James Bowman developed the J1 Forth CPU in 2010 – and presented a paper describing its architecture at Euroforth that same year. It’s a stack based processor – capable of executing Forth primitives mostly in a single cycle. It’s also an ideal candidate to explore stack machine and MISC architectures – and has been ported to FPGAs using entirely open source tool chains.
This ongoing project was inspired by ideas first discovered in the book “The Elements of Computing Systems” – and the associated course “From NAND to Tetris”. Having ploughed easily through the first chapter on hardware, I realised that my software skills were dreadfully lacking – so I thought I’d create a simple language (SIMPL) from scratch and get it to run on an open source FPGA platform – myStorm – using Clifford Wolf’s Project IceStorm open source tool chain.
In this post I explore the J1 ISA (Instruction set & architecture) and hack together a simple cross-compiler to execute code on a simulated J1 processor.
The J1 Architecture.
Having read James Bowman’s J1 Paper several times over, I managed to build up a simplified model of his instruction set and architecture.
J1 uses 16 bit long instruction words – where each word is divided into different length fields. The following 3 images – taken from James’s 2010 EuroForth paper – explains the architecture:
Bits 15, 14 and 13 define the Instruction Class – and there are 5 classes of instruction
1 x x Literal
001 Conditional Jump
011 ALU instruction
Bit 12 if set in ALU mode provides the return from subroutine mechanism by loading the top of the return address stack R into the PC.
Bits 11,10,9 and 8 define a 4 bit ALU opcode – allowing up to 16 arithmetical, logical and memory transfer instructions.
Bits 7,6,5 and 4 are used to control the data multiplexers – so that data can be routed around the cpu according to which of these bits are set. Here lies a little anomaly with the J1, in that Bit 4 is not used, and it would seem more logical to use it to provide the return function bit – currently done in bit 12.
Bits 3 and 2 define how the return stack pointer is manipulated in an instruction. It can be incremented or decremented by setting these bits.

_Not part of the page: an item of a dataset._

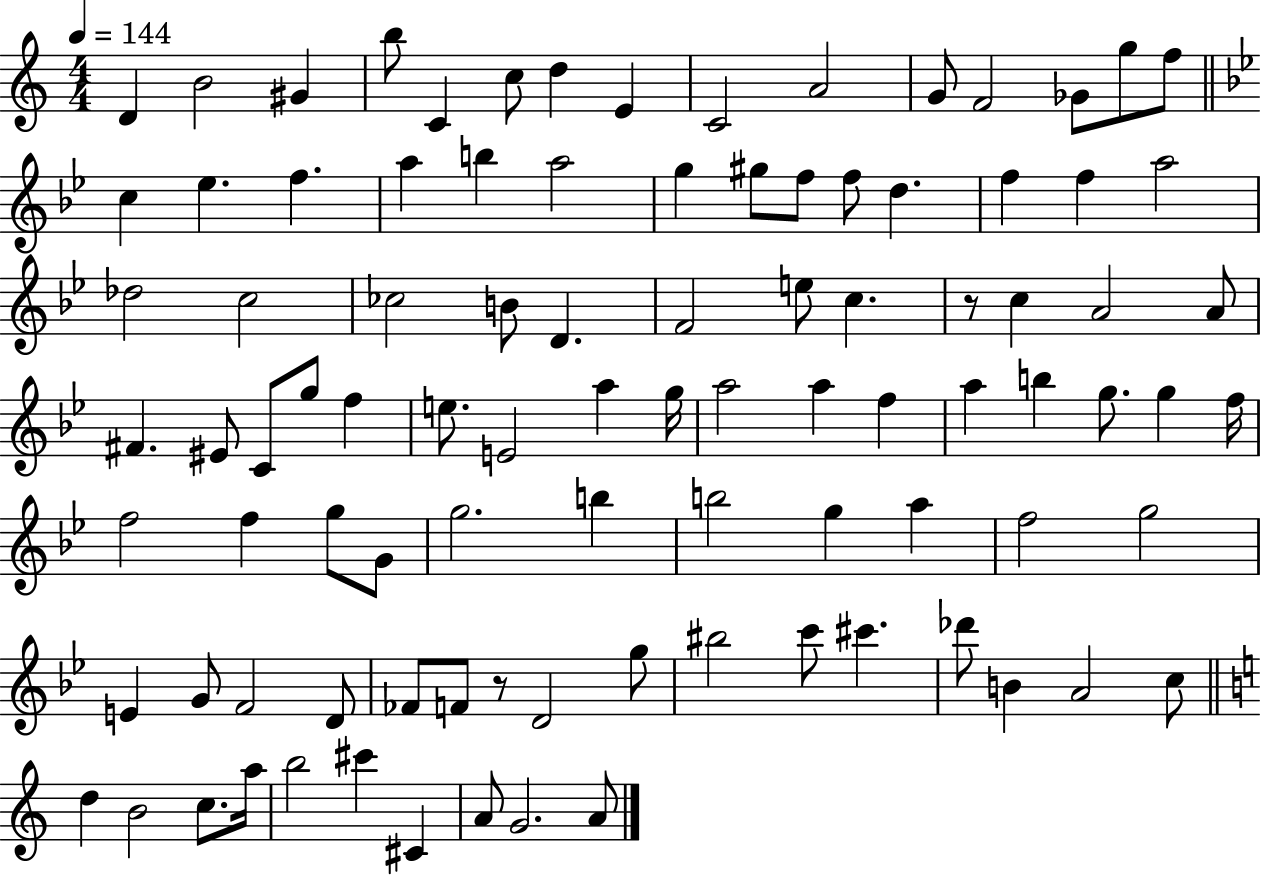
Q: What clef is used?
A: treble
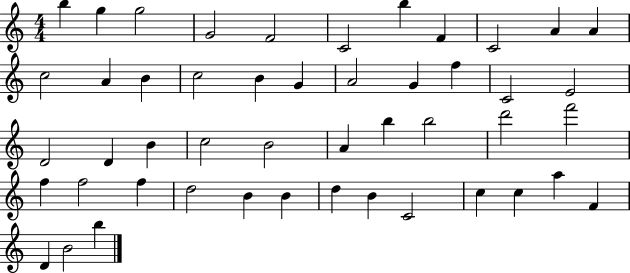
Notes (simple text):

Bits 1 and 0 define the manipulation of the data stack pointer – it has a range of +1,0,-1,-2 depending on the setting of these bits. To pop off the stack you subtract 1 from the stack pointer, to push on the stack, you add one to the stack pointer.
As the various control fields of the J1 instruction exercise different parts of hardware – they can operate in parallel – so for example a return or exit from subroutine can be had for free.
Modifying the J1 Instruction Set.
Whilst the J1 instruction set is neat and compact – the anomaly in Bit 4 is a bit of a sticking point with me. If we put the “return bit” into the Bit 4 field, this would free up the Bit 12 field. Bit 12 could then be used to define more classes of instruction, or better still added to the 4 bit ALU instruction field, to make the number of op-codes 32 rather than 16.
If there were two J1 cores acting together in a single FPGA – bit 12 could be used to channel instructions to either core. One J1 could be used for computation and the other could be used as a graphics processor or similar specialised co-processor.
James has already done some changes in this area – moving the return bit to Bit 7 – plus some other internal improvements – and has subsequently released a J1b – which can be instantiated as either a 16 bit or 32 bit Forth cpu, whilst the J1a is a minimum footprint cut down 16-bit J1 with *K memory to fit into small FPGAs – like the Lattice IceStick . See James’s Github for demo. The Verilog fr the new J1b – is here
For more information about possible modifications to the J1 – read Victor Yurkovsky’s excellent post in “FPGA Related”. Some neat ideas for those that want to tinker with the internals of the J1. As the J1 original design verilog is so neat and clean, it’s easy to make small incremental changes and test them out for usefulness on the J1 simulator. Victor’s spring clean freed up two bits of the instruction for future expansion and reduced the number of CPU slices from 150 to 76 – allowing the scope for multiple J1 instantiations in a single small FPGA.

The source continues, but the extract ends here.